• [Task]:
Reproduce verbatim the line containing "Мотоцикл Yamaha TW200 з пробігом 6423 km" and every line that follows it through the end of the entries below, omitting all pictures.

(Caption-style text data)
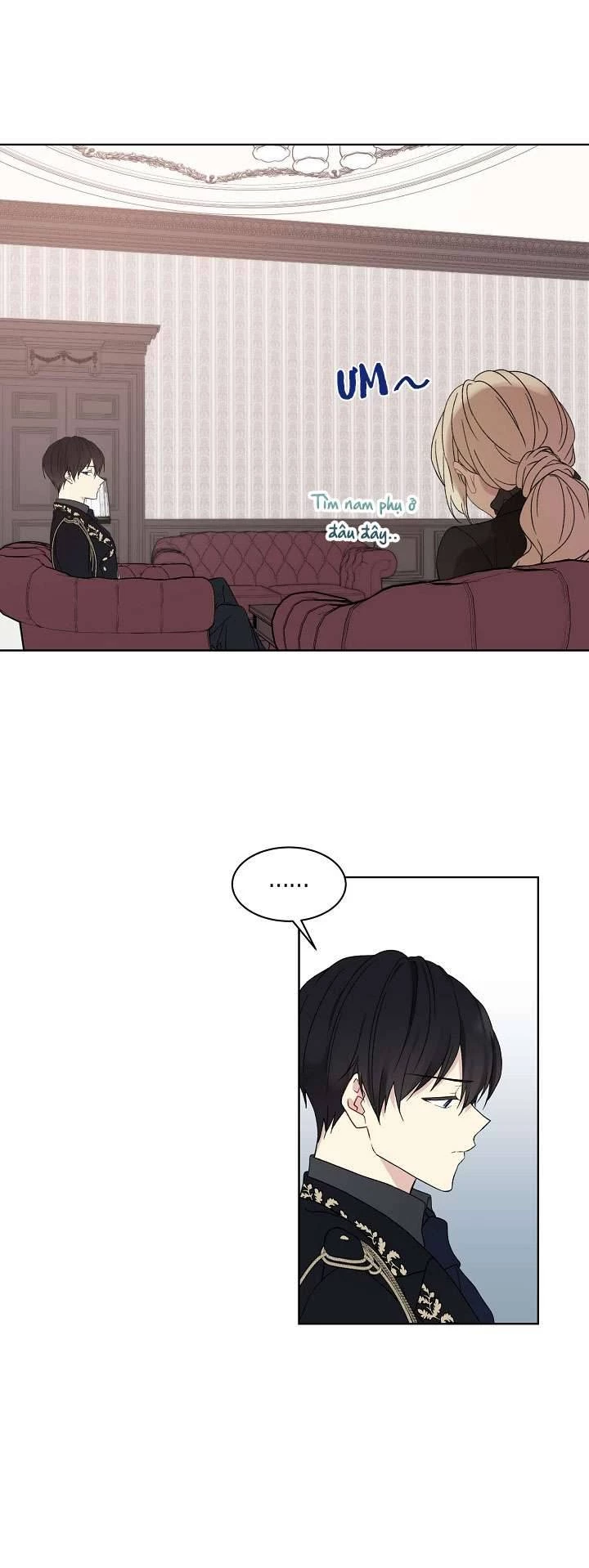 Vương Miện Viridescent Chapter 4 - 13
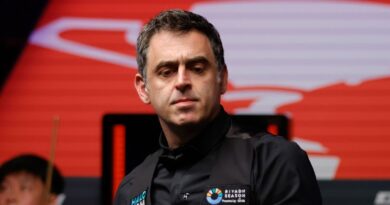 Ronnie O’Sullivan’s manager gives update on playing schedule | Other | Sport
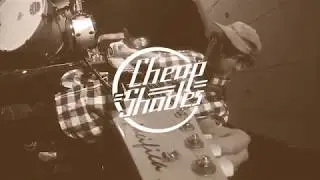 Cheap Shades - Carry On (LIVE)
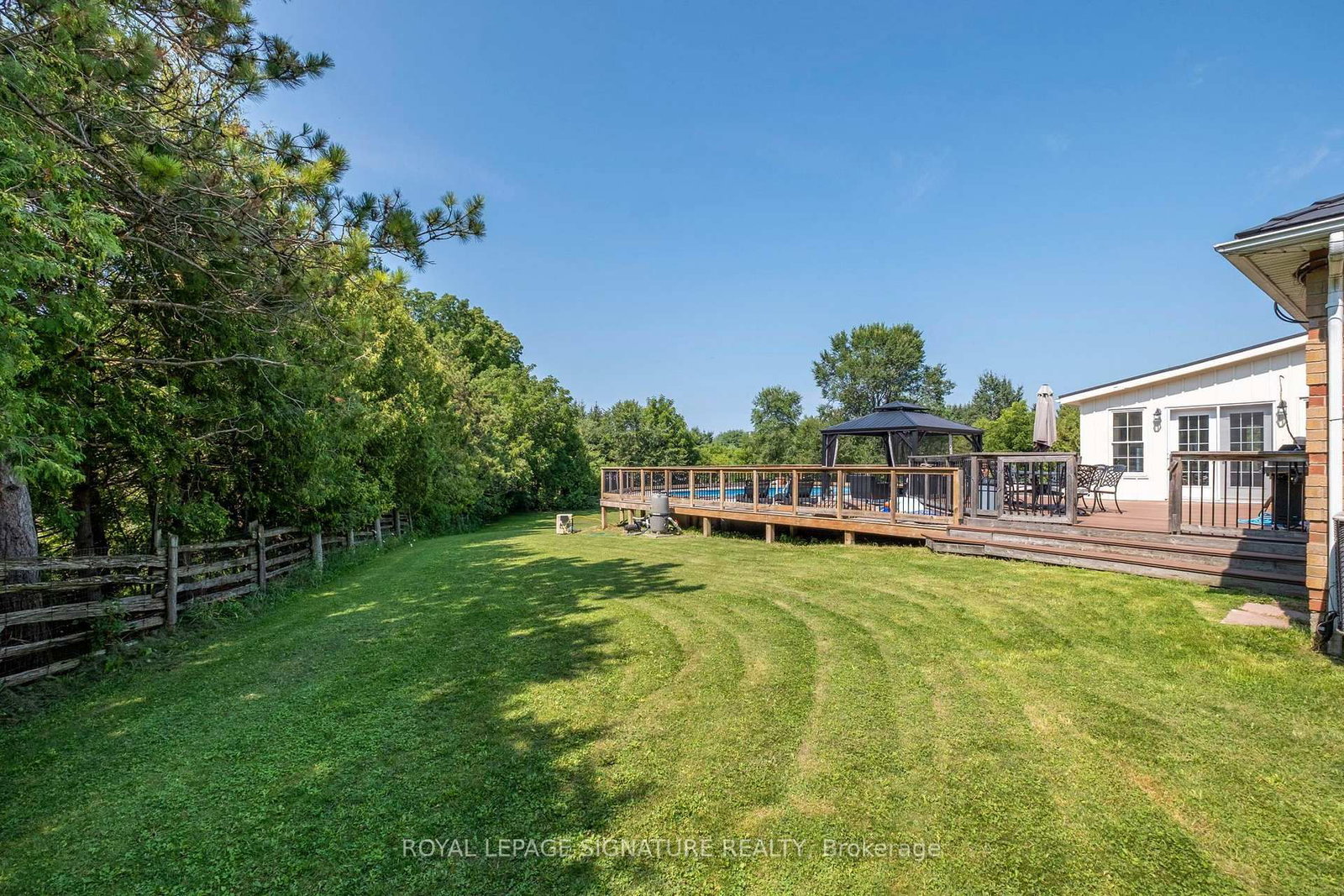 1252 Concession Rd 7 • Adjala-Tosorontio, ON photo 34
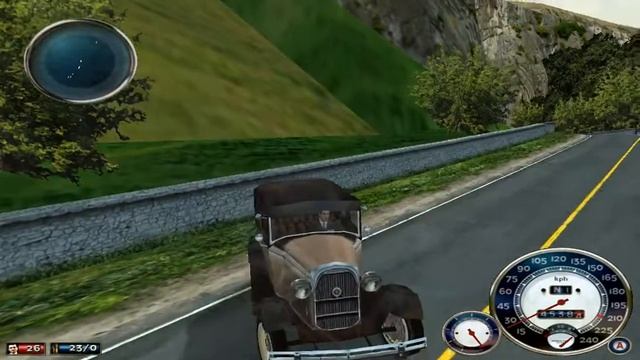 Максим проходит Mafia The City of Lost Heaven\Заваруха в отеле,шаманим тачку(#3) смотреть онлайн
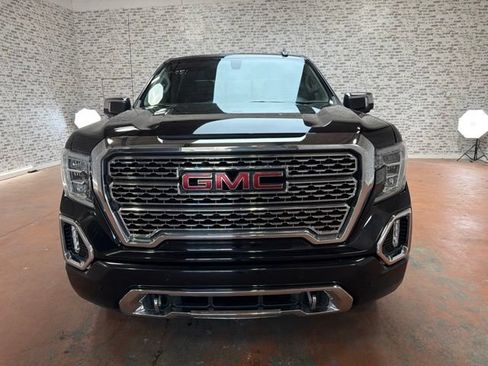 Used 2020 GMC Sierra 1500 Denali AWD/4WD image 2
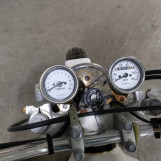 Мотоцикл Yamaha TW200 з пробігом 6423 km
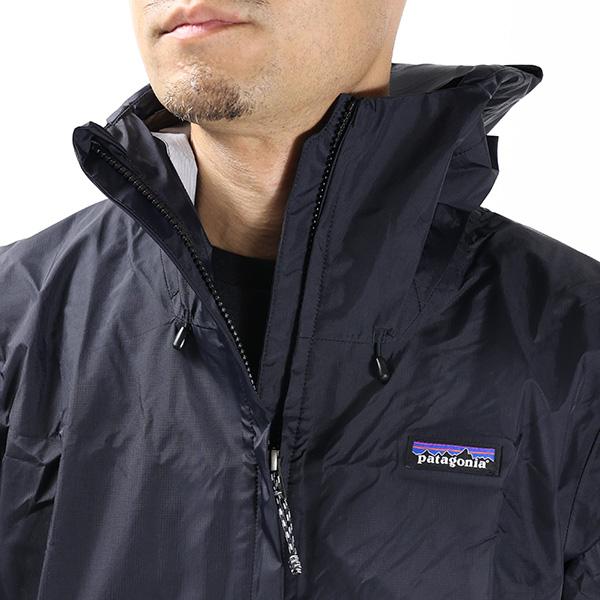 Patagonia パタゴニア Mens Torrentshell 3L Jacket マウンテン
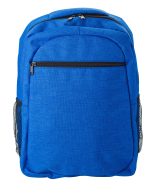 Vue 3 de Sac à dos Glynn | Ordinateur portable 15" | 13 l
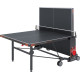 Теннисный стол Garlando Premium Outdoor 6 mm Grey (C-570E)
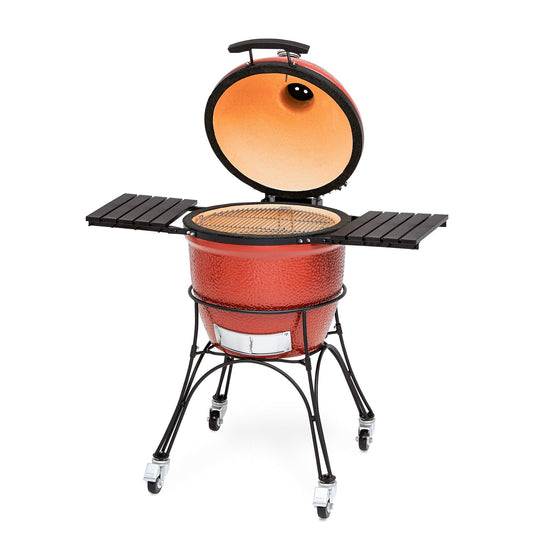 Premium Kamado Joe Classic I Grill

• [Solved exercise]:
 Мотоцикл Yamaha TW200 з пробігом 6423 km
 Patagonia パタゴニア Mens Torrentshell 3L Jacket マウンテン
 Vue 3 de Sac à dos Glynn | Ordinateur portable 15" | 13 l
 Теннисный стол Garlando Premium Outdoor 6 mm Grey (C-570E)
 Premium Kamado Joe Classic I Grill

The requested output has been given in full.